Des créatures sous le soleil prennent des formes, jouent de l'ombre et de la lumière comme si le jour et la nuit n'existaient plus, se donnent des volumes surprenants, accumulent les courbes et leurs contrepoints, ondulent au vent, s'ouvrent sous le ciel, laissent voir et frémir les parties les plus intimes de leur chair... Leurs apparences fort singulières se doublent de parfums sauvages ou savants qui attirent l'attention bien avant qu'on les respire. Cet exhibitionnisme a quelque chose de sacré quand il joue avec le nombre d'or, on ne sait quelle divine proportion si différente de nos symétries habituelles. On dirait que ces créatures sont à l'apogée de leur existence, que pas une de leurs cellules n'est en trop ou en moins, que le temps s'arrête et que l'espace vibre autour d'elles d'une musique qui les traverse et les copie. On sent qu'il faut s'en approcher, que nous sommes invités à une visite sans fin, que notre curiosité sera merveilleusement récompensée, qu'on nous réserve les meilleures places du spectacle... Nos ancêtres y furent attentifs bien avant de savoir compter et faire des phrases. 
Les néandertaliens aimaient les fleurs et en disposaient sur les morts. Cette complicité de la nature et des hommes est universelle depuis que nous avons le goût des métaphores. On se parfume et on s'habille... De miracle en miracle un singe devint Apollon et sa guenon se tint sur les eaux comme la Vénus de Botticelli. On essaie d'imaginer l'immense succession des regards lancés par l'Australopithèque et finissant sur les tapis rouges de la Haute-Couture... 
On ne peut voir ici que divines interventions et force mythologies, car la Nature nous est aussi étrangère que les galaxies lointaines. Nous sommes encombrés de vieilles lunes car nous désirons dans les fleurs d'autres nous-mêmes, fort satisfaits de nos apparences et persuadés qu'une mère attentive et nourricière veille sur nos plaisirs. Lucrèce et Virgile l'ont chantée à leur manière , Hippocrate la saluait bien bas et Rousseau qui n'y connaissait pas grand chose, versait des larmes rien que d'y penser. La Beauté fut là où se débrouillait la vie avec adresse et imprévus,  construite dans les formes et les contours, saisissable comme une mélodie, passant les murailles et affolant les jours ordinaires. Nous fûmes ainsi consolés de notre brièveté et de notre inachèvement. 
 L'ignorance facilite les consolations. Pygmalion ne perçut pas de limites à son désir. La foi des charbonniers remue des montagnes. La Beauté est donc plus certaine que l'absolue froideur et indifférence des astres.
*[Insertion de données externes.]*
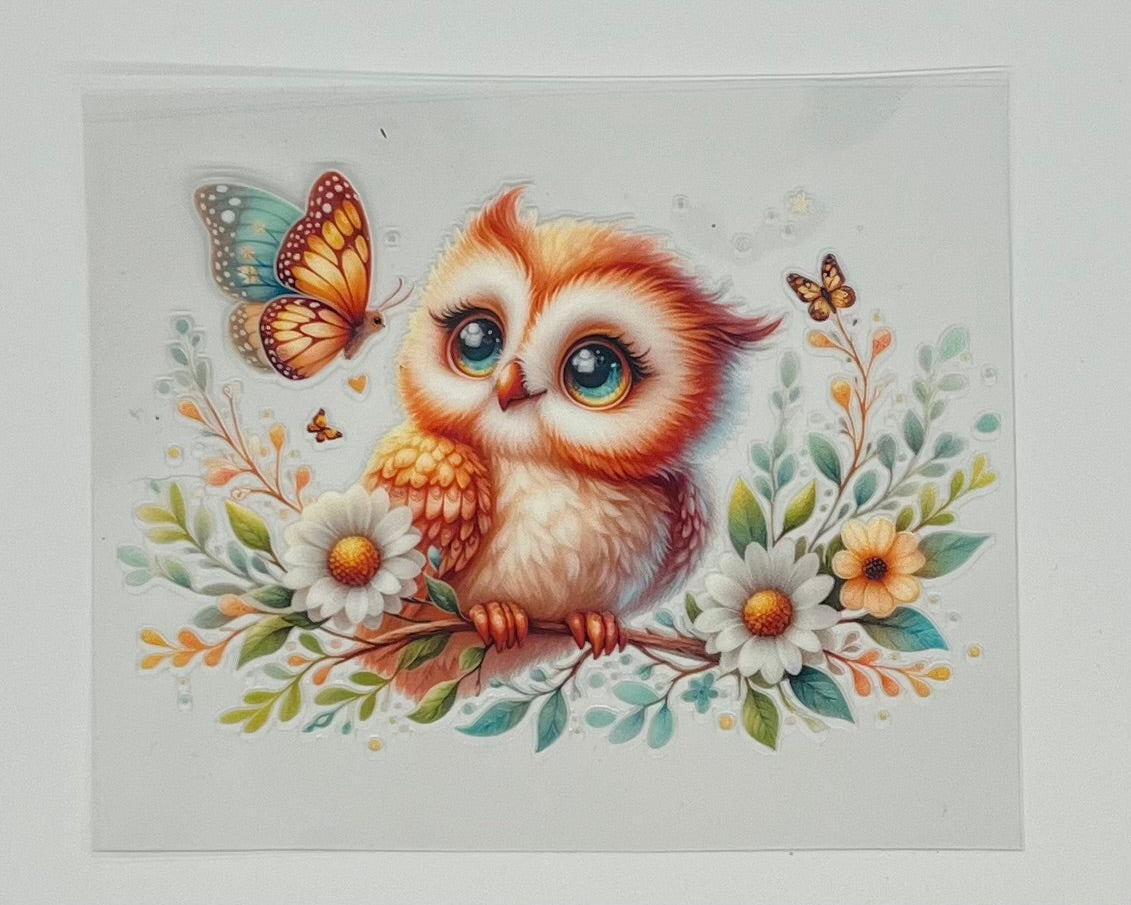 UV DTF Wrap - Cute Owl with Butterfly Decal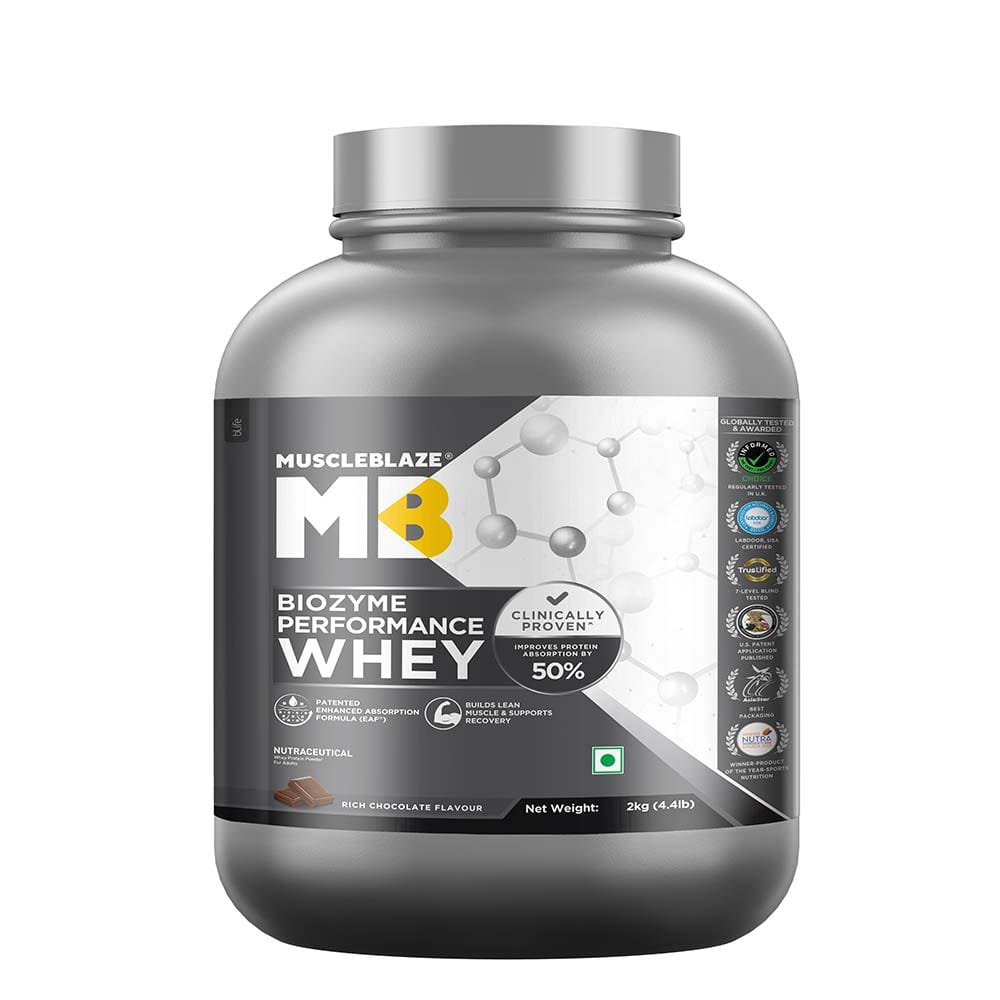 MuscleBlaze Biozyme Performance Whey, 4.4 lb Rich Chocolate HealthKart sale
Casanova fit ses classes à Venise, des lords moururent ayant vu Naples et dans la course au chef-d'oeuvre on peignit les femmes en récitant des vers... Les âmes ne se fâchaient pas de hanter les corps et la Beauté frissonnait dans les statues de Praxitèle et Canova... Des hommes pressés de tout savoir, bardés d'optique et de chimie s'approchèrent davantage des fleurs... La Beauté devint moderne à force de jeter les yeux sur les locomotives et de s'extasier sur les performances des canons Krupp... Les fleurs apparurent pour ce qu'elles étaient : des machines à capturer les mouches et féconder les plantes... La Beauté changeait de camp:  les sourires s'adressaient aux premiers imbéciles venus et les mines se refermaient dès que l'ovule avait son compte... La fantaisie sera-t-elle encore de ce monde, car  il n'y a de divine surprise que si l'on ferme les yeux et se trompe d'aventure?
Mais tant qu'à faire de vivre un peu, soyons princes et sauvons les bergères... Les illusions rendent moins fou que l'absolue vérité.




3.08.2014

TRISTESSE, TRISTESSE .......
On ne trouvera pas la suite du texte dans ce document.